TASK REQUIREMENTS: Please, starting at the line that contains "Tool-Free Assembly Queen", reproduce every line exactly until the records run out, skipping all pictures.
EXCERPTED RECORDS section start
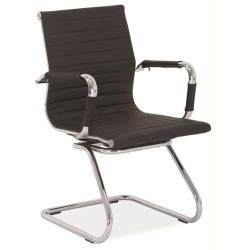 Odkladací stolík Reposa 45 cm / Biela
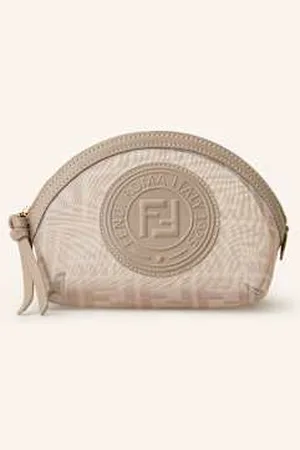Fendi Kosmetyczka Ff beige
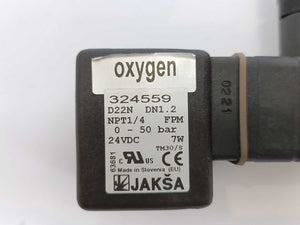 JAKSA 324559 D22N DN1.2 NPT1/4 Solenoid Valve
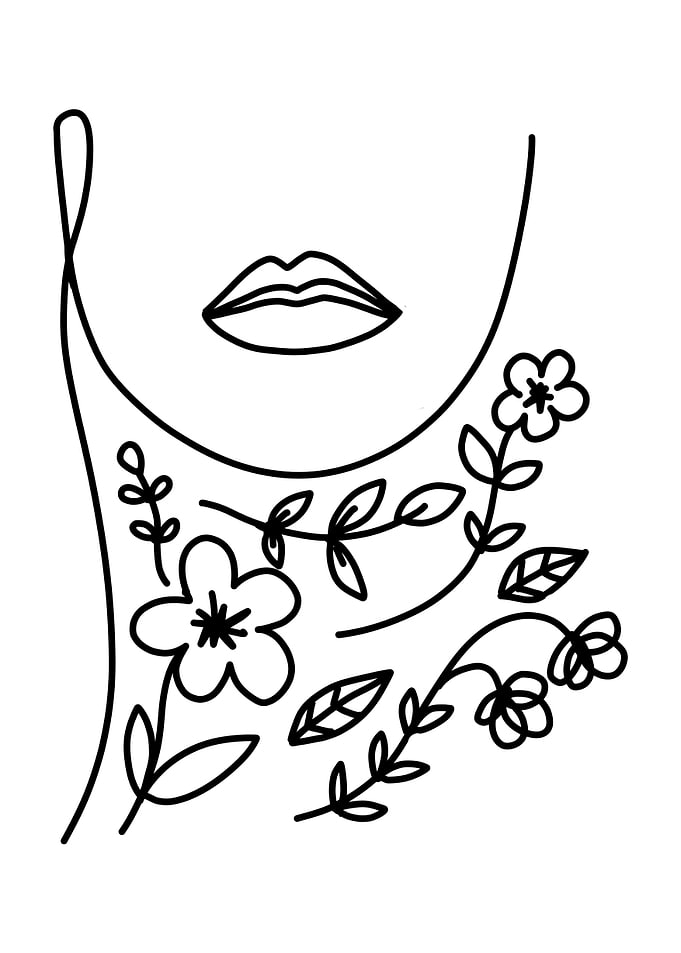 Blossom inside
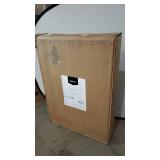 AmazonBasics Foldable, 14" Metal Platform Bed Frame Tool-Free Assembly Queen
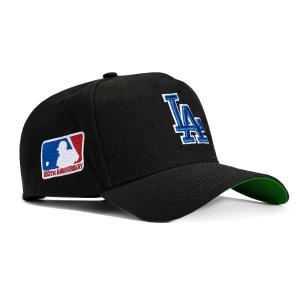 ニューエラ キャップ ロサンゼルス ドジャース NEW ERA 9FORTY A-FRAME LOS ANGELES DODGERS MLB 100TH ANNIVERSARY PATCH SNAPBACK｜strangely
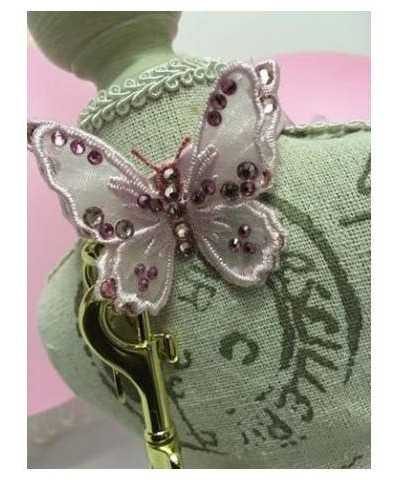 3D Butterfly Collar Pink Grace Graciola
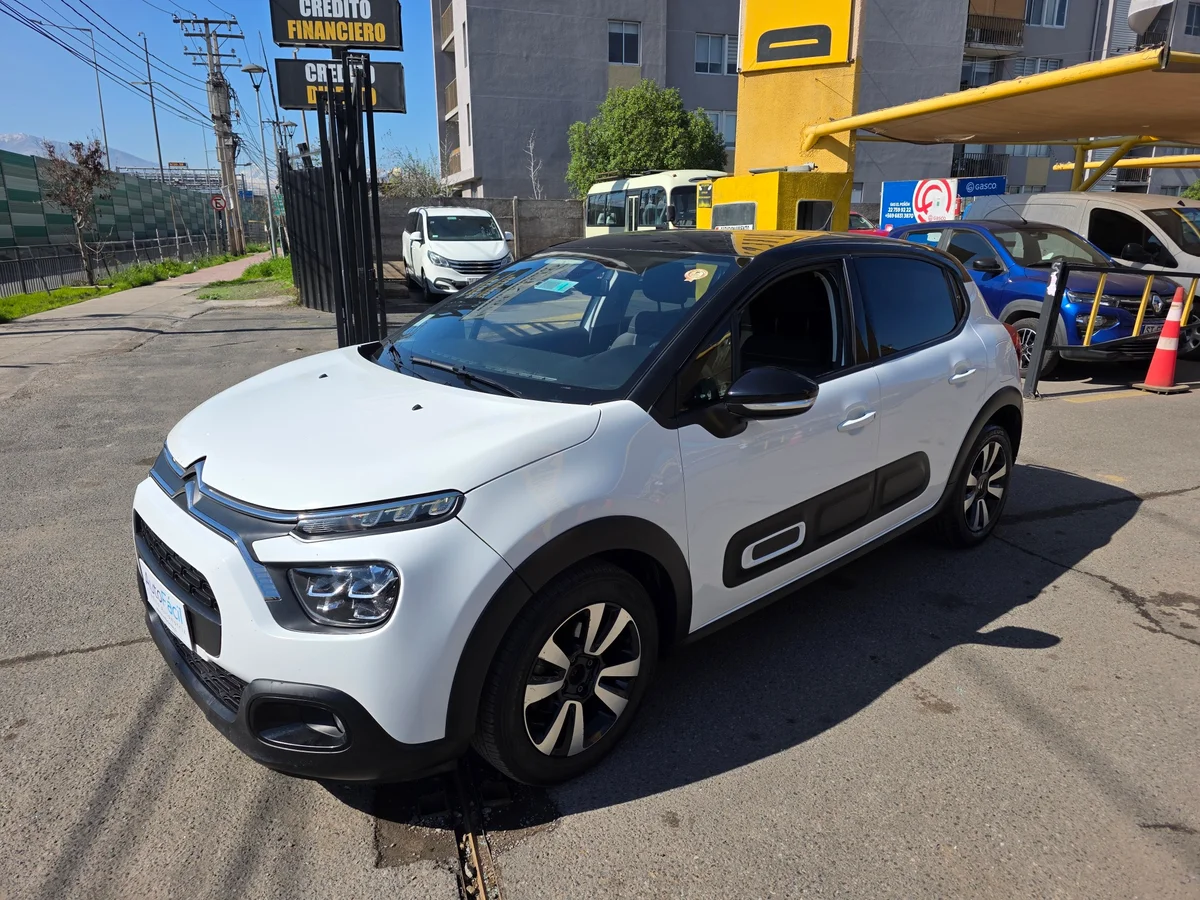 Citroën C3 Blue Hdi1.5 Bluehdi 100 S&S Live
EXCERPTED RECORDS section end
TASK RESULT:
 AmazonBasics Foldable, 14" Metal Platform Bed Frame Tool-Free Assembly Queen
 ニューエラ キャップ ロサンゼルス ドジャース NEW ERA 9FORTY A-FRAME LOS ANGELES DODGERS MLB 100TH ANNIVERSARY PATCH SNAPBACK｜strangely
 3D Butterfly Collar Pink Grace Graciola
 Citroën C3 Blue Hdi1.5 Bluehdi 100 S&S Live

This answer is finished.